While the nation was fixated by the shocking terrorist event in Boston, the good people in West Texas were literally blown away when a fire at a fertilizer plant caused a massive explosion killing as many as 60 and injuring nearly 200.
When the Cold War ended and the Iron Curtain was torn down, we thought and hoped the world was moving toward a more peaceful existence. Nations could focus more on improving the living conditions for its citizens. Ever-developing technological advances would help us realize that with a global economy, war was something the world could do without. We envisioned the spread of democracy and capitalism throughout the world. Other nations were hungry for the lifestyle we enjoyed in the United States.
Unfortunately, the world has not gone in that direction; instead, it has become even more dangerous than before. The events of the last week, the threats coming out of North Korea, the recent ricin letters showing up at the capital and the White House, and the rash of gun violence have once again proven the depth of our vulnerability. We are perhaps more despised both by people who feel entitled to our continued financial and military support and by Jihadists/revolutionaries who see our freedom as grand opportunities to humble the nation and break our spirit.
Regardless of the source of the threat, life is fragile. Life-changing events can come in the form of a national tragedy, but they can also occur in a private conversation with your doctor, a slip on the ice or an unintended auto accident. Life, as they say, can sneak up on you when you least expect it. None of us can live our lives in a bubble. We can’t be so fearful that the joy of life is reduced to a whimper.
We can, however, choose to conduct our lives with a greater focus on the life itself. How we respect ourselves and appreciate the contribution of each other to the world we share.
We can never eliminate threats, but we can recognize ways to make the most of the time we spend on this Earth and the way we embrace those around us.
Anyone who has faced a major crisis or lost a loved one unexpectedly knows you can’t get back the time you may have foolishly let slip away. The lesson we must take away from these events is simple; be on guard, but never fail to appreciate every day you and your loved ones have together.
This world — while full of wonder, beauty and exciting times — is also fraught with danger.
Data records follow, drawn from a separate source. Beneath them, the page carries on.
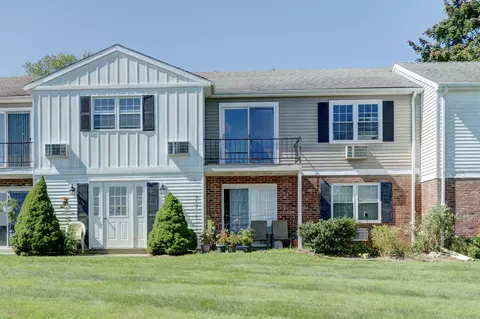 85 N Main St #5B, East Hampton, CT 06424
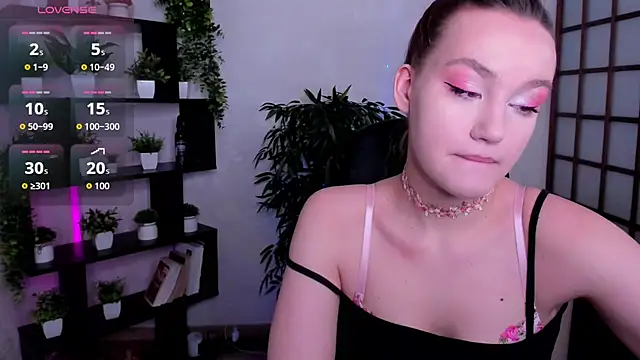 Snapshot of Ida_FaneStain chatting on 02.14.26 Ida FaneStain online show from 02.14.26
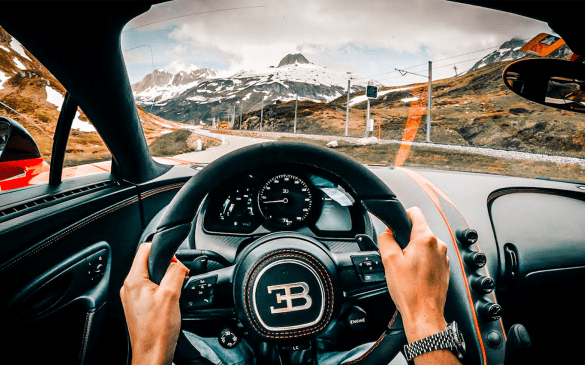 როგორია როდესაც Bugatti Chiron-ის საჭესთან ზიხარ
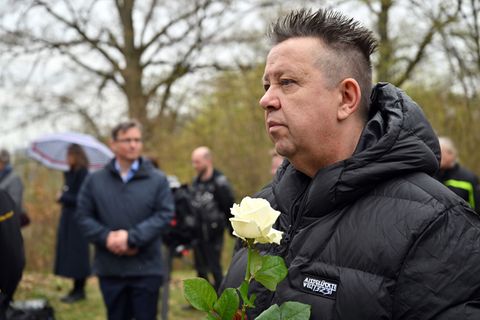 "Prinzen"-Sänger und Autor Sebastian Krumbiegel hielt die Gedenkrede zur Erinnerung an die Befreiung des KZ Mittelbau-Dora vor 8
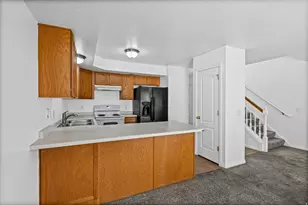 879 N 1125 W, Layton, UT 84041 - Photo 6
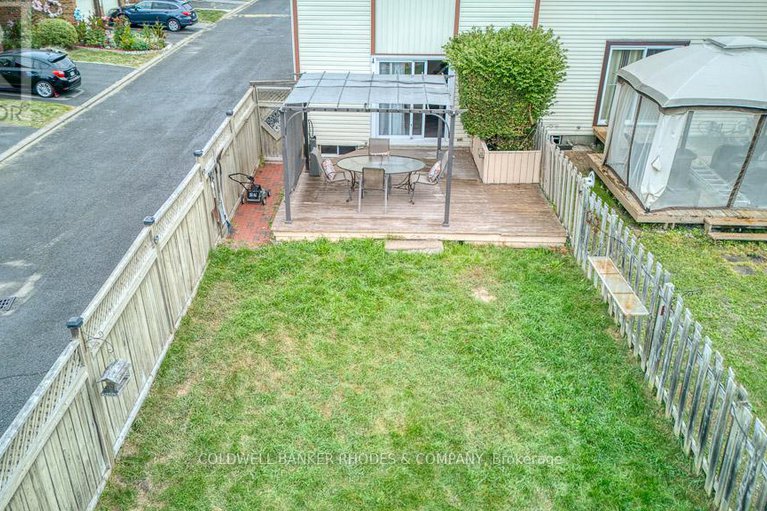 29026241/18-6475-colony-square/convent-glen-north/ottawa/ontario/K1C3E1_23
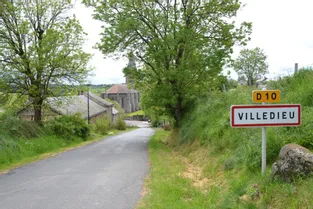 Villedieu (Cantal) à l'heure des doutes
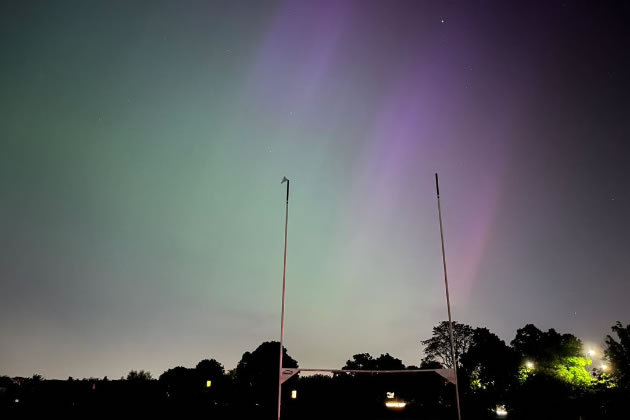 Northern Lights Appear in Chiswick Night Sky Display of colour could be seen in local parks chiswickw4.com/default.asp?se…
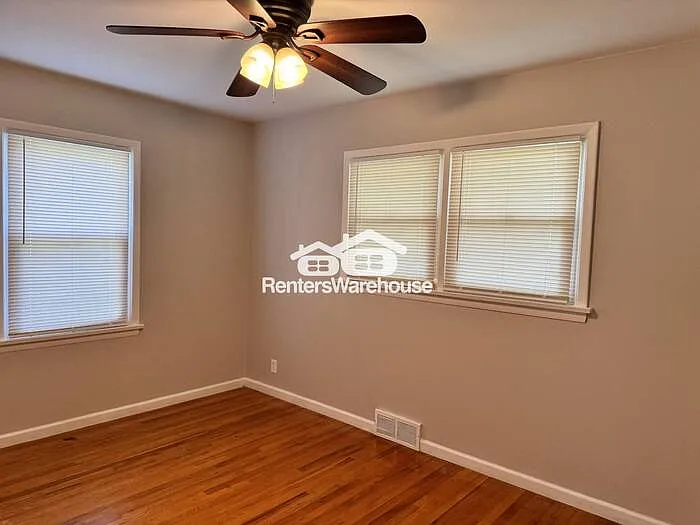 10801 Edgecliffe Dr — Photo 10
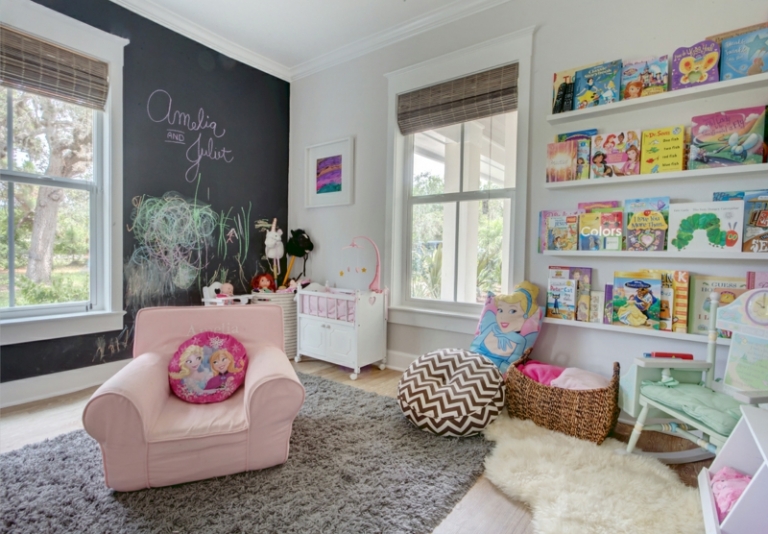 peinture-ardoise-chambre-enfant-fauteuil-rose-tapis-shaggy-gris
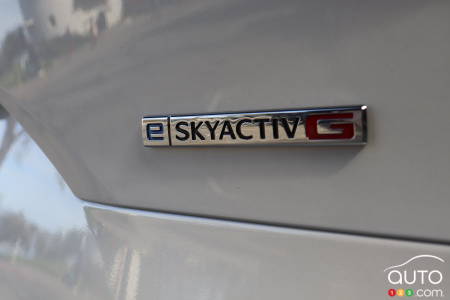 Mazda CX-90 2024, écusson e-Skyactiv G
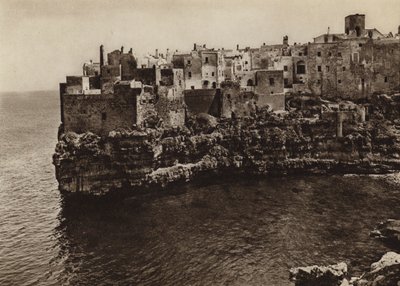 Włochy: Polignano a Mare, Puglie (b / w zdjęcie) autorstwa Kurt Hielscher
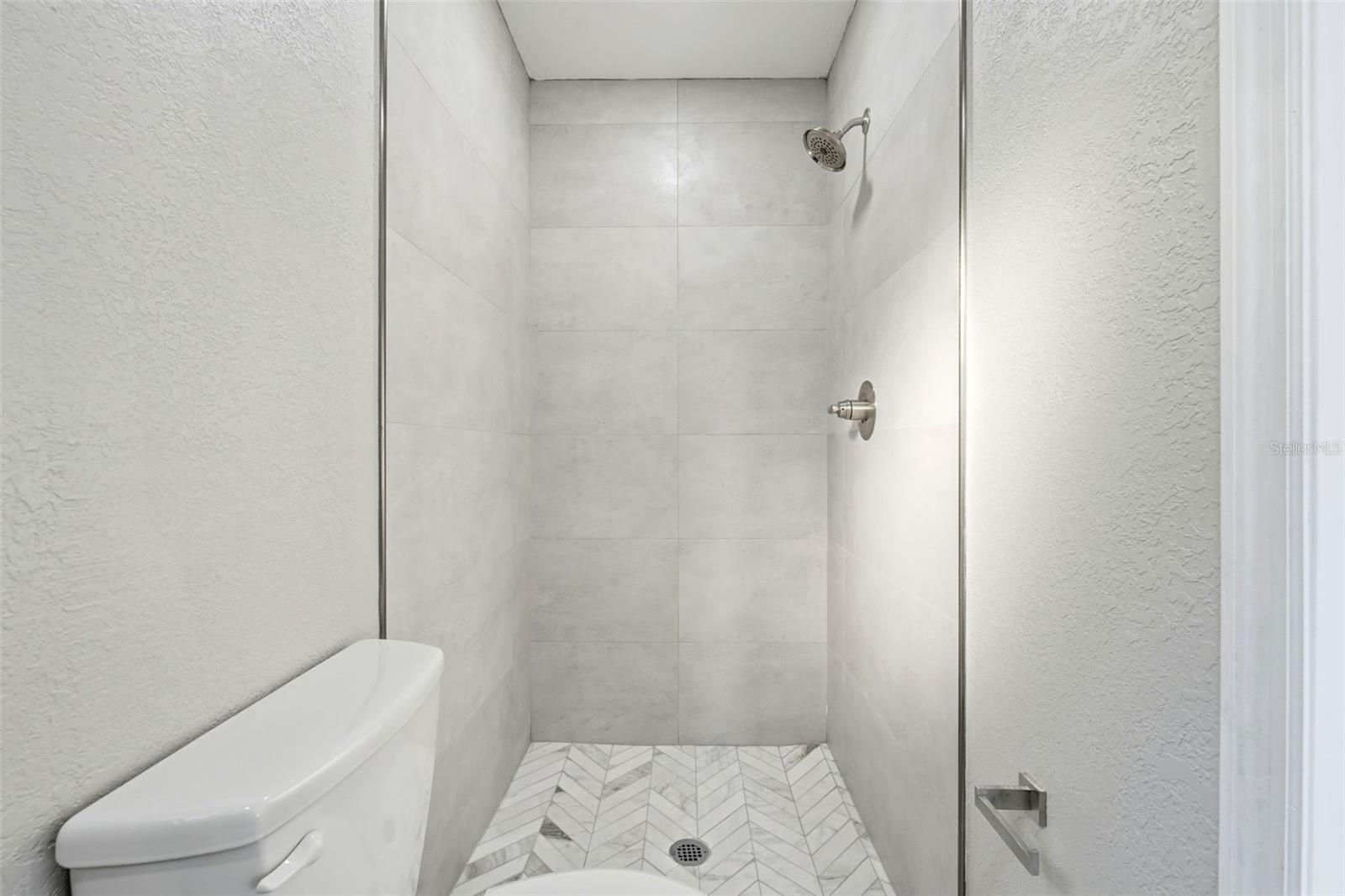 Image 47 of 64 For 3307 18th Court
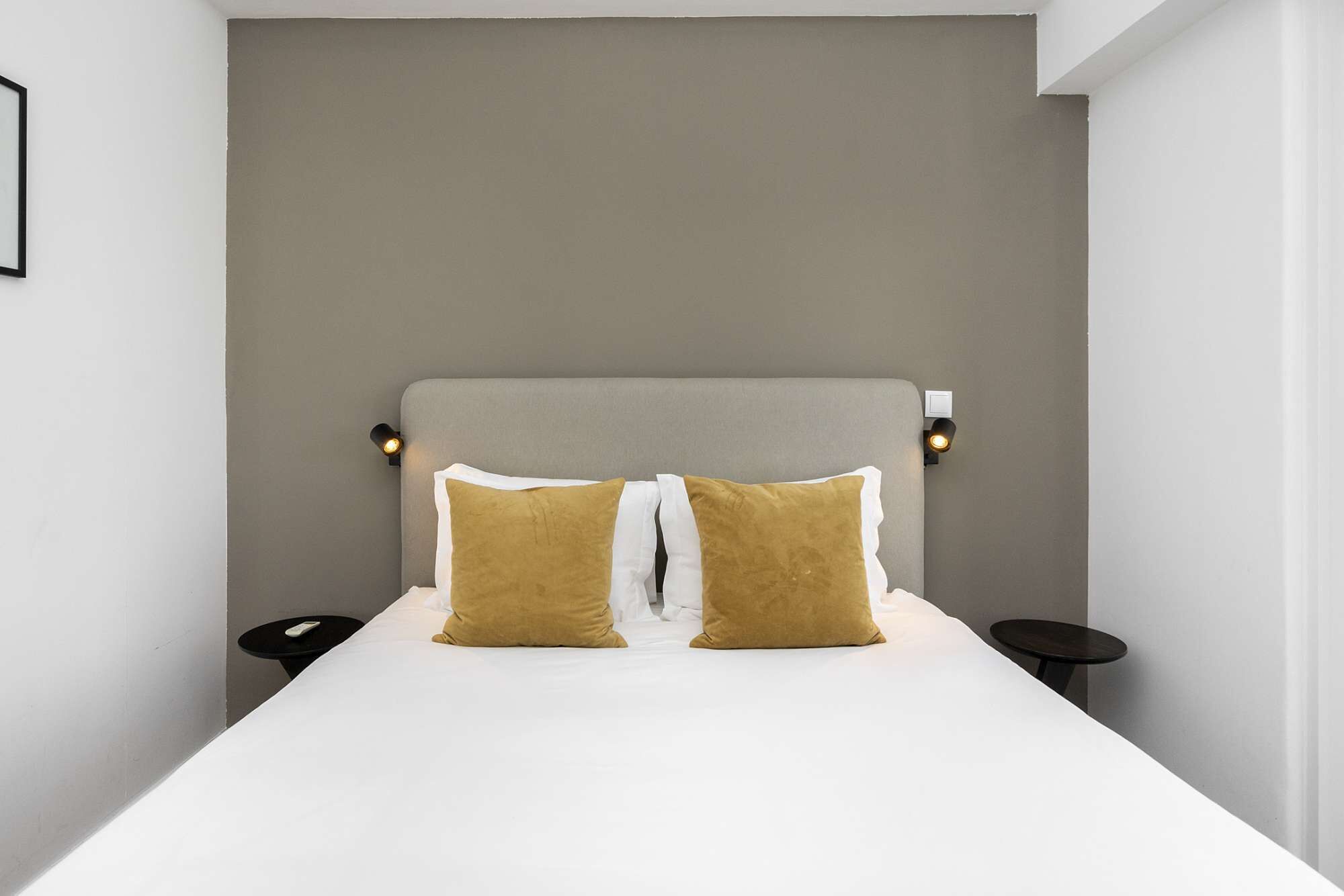 2 slaapkamers, een bureau, geluiddichte muren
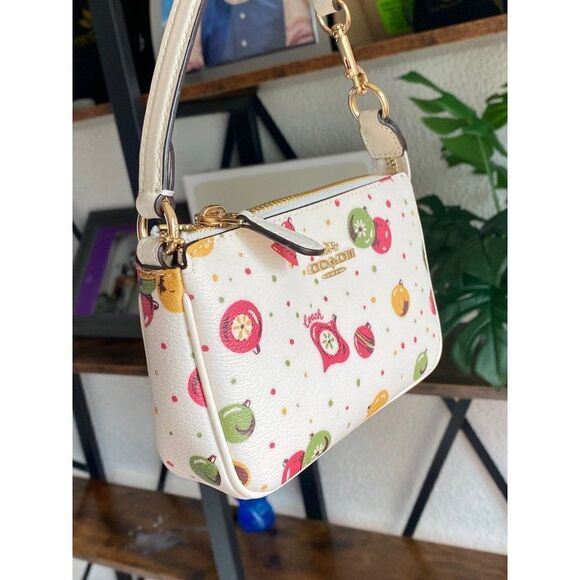 Lovely Mini Coach Designer Bag - Picture 6 of 9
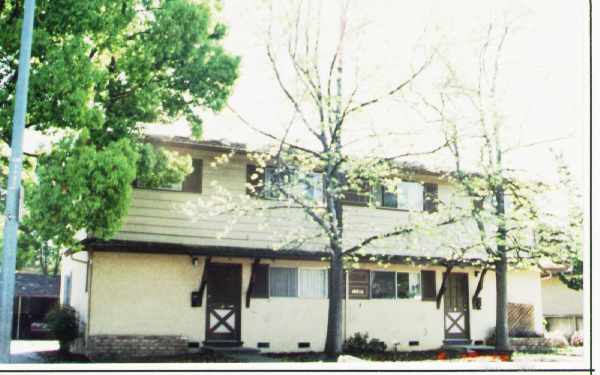 10352 Greenwood Ct in Cupertino, CA - Foto de edificio - Building Photo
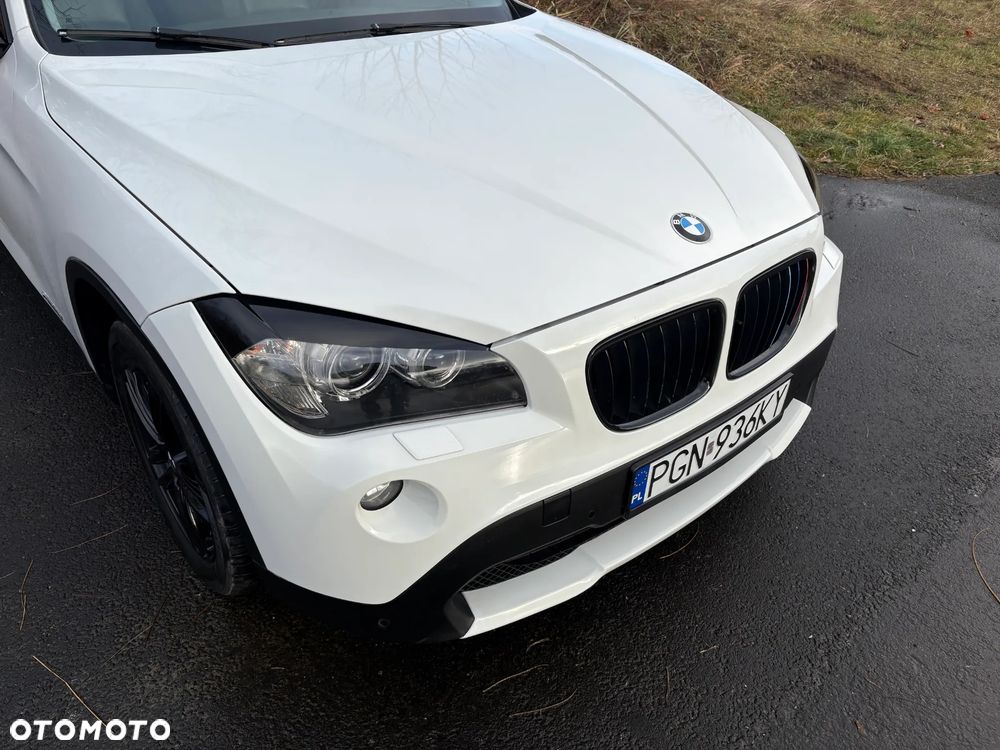 BMW X1 xDrive28i Sport Line - 6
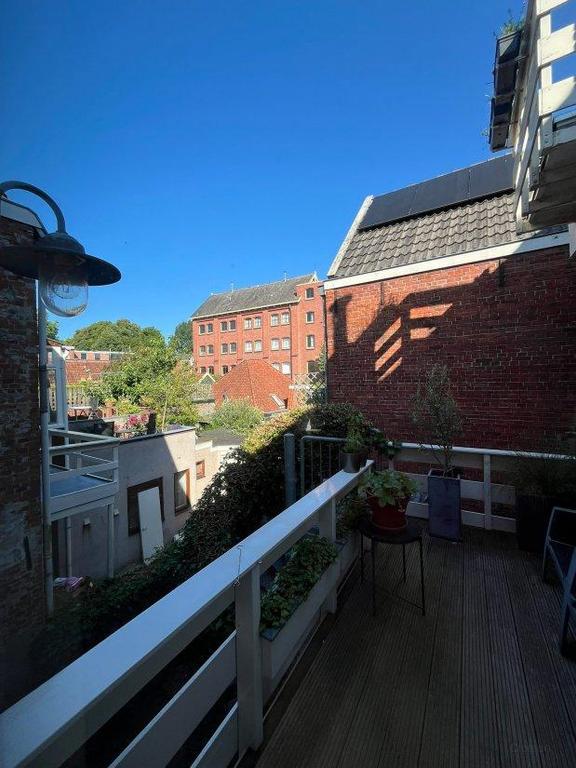 Furnished 2-bedroom apartment near Noorderplantsoen - Image 26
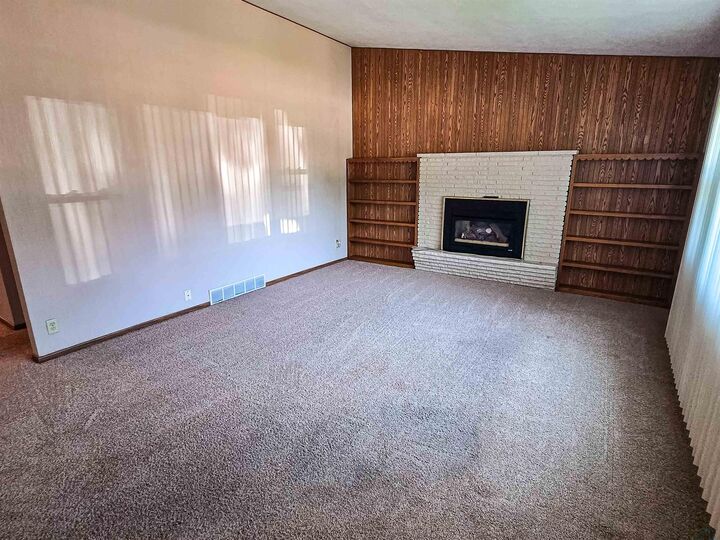 Property Photo:  3932 W 4th St  IA 51103 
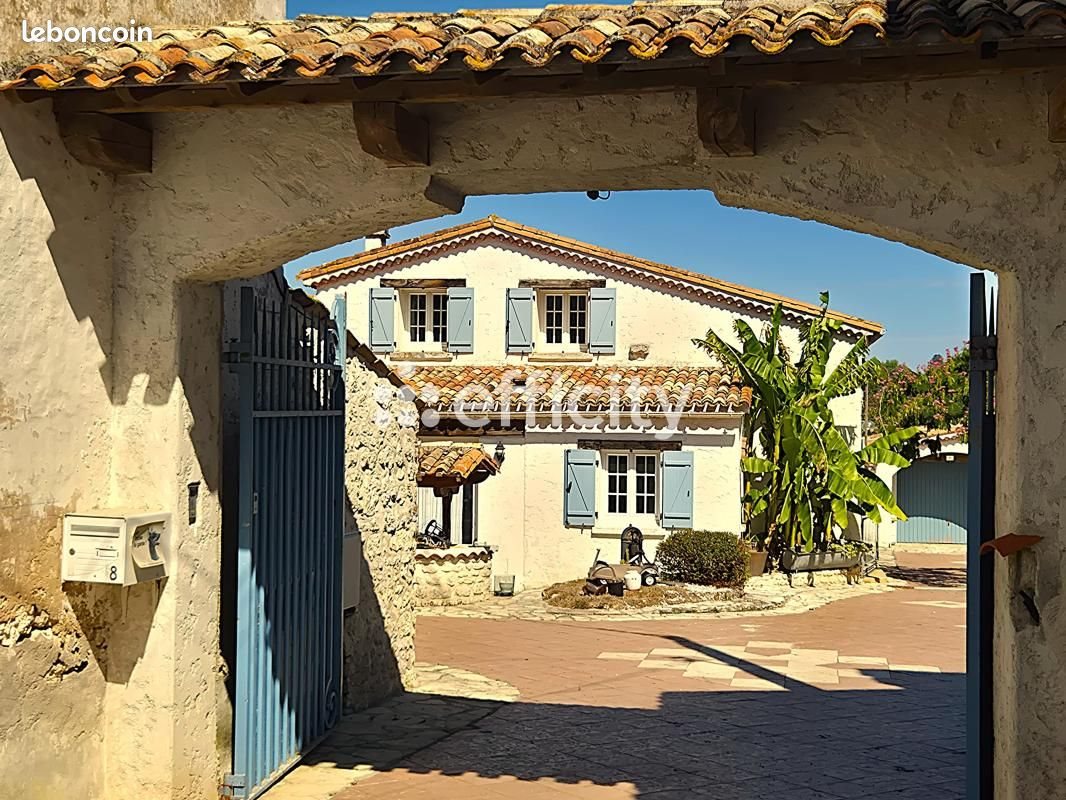 Maison à vendre, 162m², Saint-Romain-de-Benet
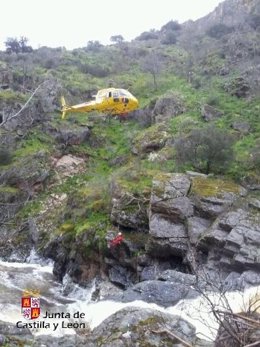 El helicptero de Protección Civil participa en la búsqueda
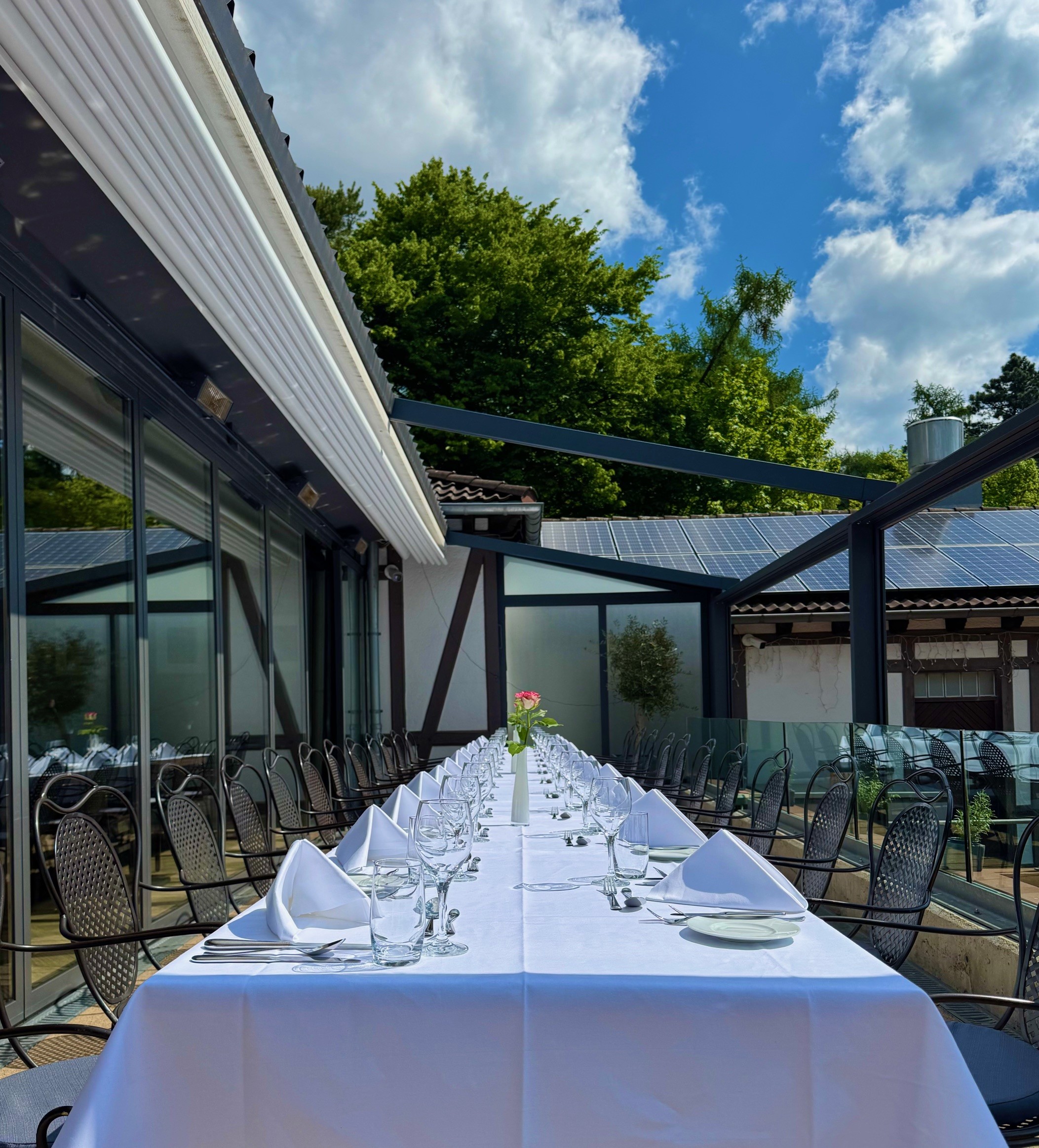 Eine Hälfte der Terrasse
Danger lurks in every corner, and no one is immune but it is balanced by the gifts each of us is given. Seriously injured Boston marathoners who may have loved running, and realize they may have lost a limb, are nonetheless grateful just to be alive. First responders in Texas who may have lost a fellow responder in the tragedy, will, along with other brave responders in the near future, charge into another life-threatening event knowing what’s at risk in an effort to save lives. They do so out of love for their fellow man.
That love and commitment to each other is always showcased during trying times like these. We must all remember how we feel during these events and do our best to keep that feeling ever present as we go about our daily lives and not just when we are personally affected.
The journey of life is an ever-learning and evolving experience as we cope with joy, tragedy, defeat and success. In the end, how we choose to deal with and accept these life-altering events is what provides the promise for tomorrow and future generations.